The DOJ's central argument is outlined in a brief filed in a Texas federal court and an accompanying letter to House Minority Leader Nancy Pelosi, D-Calif. Texas and other Republican-led states, including Utah, sued in February to strike down the entire law because Congress recently repealed a provision that people without health insurance must pay a fine. The first, known as guaranteed issue, requires insurers to offer coverage to everyone regardless of their health background.

As a result, the Texas lawsuit contends, "the country is left with an individual mandate to buy health insurance that lacks any constitutional basis". He said the department only refused to defend the pre-existing conditions provision as well as one forbidding insurers from charging people in the same community different rates based on gender, age, health status or other factors.

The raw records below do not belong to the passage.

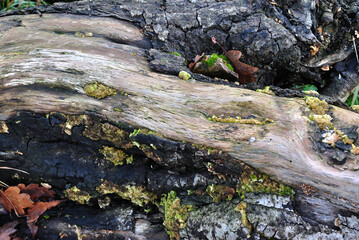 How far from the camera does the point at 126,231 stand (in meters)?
3.14

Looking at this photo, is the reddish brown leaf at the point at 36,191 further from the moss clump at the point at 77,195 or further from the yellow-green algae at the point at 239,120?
the yellow-green algae at the point at 239,120

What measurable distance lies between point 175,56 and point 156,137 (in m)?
1.28

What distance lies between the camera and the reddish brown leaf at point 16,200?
3104 mm

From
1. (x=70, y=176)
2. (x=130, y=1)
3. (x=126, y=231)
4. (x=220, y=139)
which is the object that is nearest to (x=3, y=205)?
(x=70, y=176)

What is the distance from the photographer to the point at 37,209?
10.4 ft

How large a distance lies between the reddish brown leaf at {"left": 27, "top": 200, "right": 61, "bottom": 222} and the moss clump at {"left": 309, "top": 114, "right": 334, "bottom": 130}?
2.82 m

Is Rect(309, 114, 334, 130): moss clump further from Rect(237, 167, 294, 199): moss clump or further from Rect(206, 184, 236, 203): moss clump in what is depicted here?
Rect(206, 184, 236, 203): moss clump

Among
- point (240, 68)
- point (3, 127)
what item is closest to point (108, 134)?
point (3, 127)

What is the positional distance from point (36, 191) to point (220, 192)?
206 cm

About 1.5 million Californians buy coverage through the state's ACA exchange, Covered California, and almost 4 million have joined Medicaid as a result of the program's expansion under the law.

Despite the Justice Department position, the Health and Human Services Department has continued to apply the health law.

A group of 20 USA states sued the federal government in February, claiming the law was no longer constitutional after last year's repeal of that penalty that individuals had to pay for not having insurance.

The chances for that argument succeeding are viewed with deep skepticism by legal experts, in part because Congress itself indicated that the rest of ObamaCare could still stand without the mandate when it moved to repeal the tax penalty previous year.

"When Congress reformed the tax system in December 2017, it removed the tax penalty for failing to comply with the mandate", Reyes said. As a result, the entire remainder of the ACA must be upheld, even if the court finds the mandate unconstitutional.

Reyes said Friday that "the individual mandate can not be severed" from the parts of the Affordable Care Act that prohibit insurers from increasing a person's premium rates or denying them coverage based on their health history.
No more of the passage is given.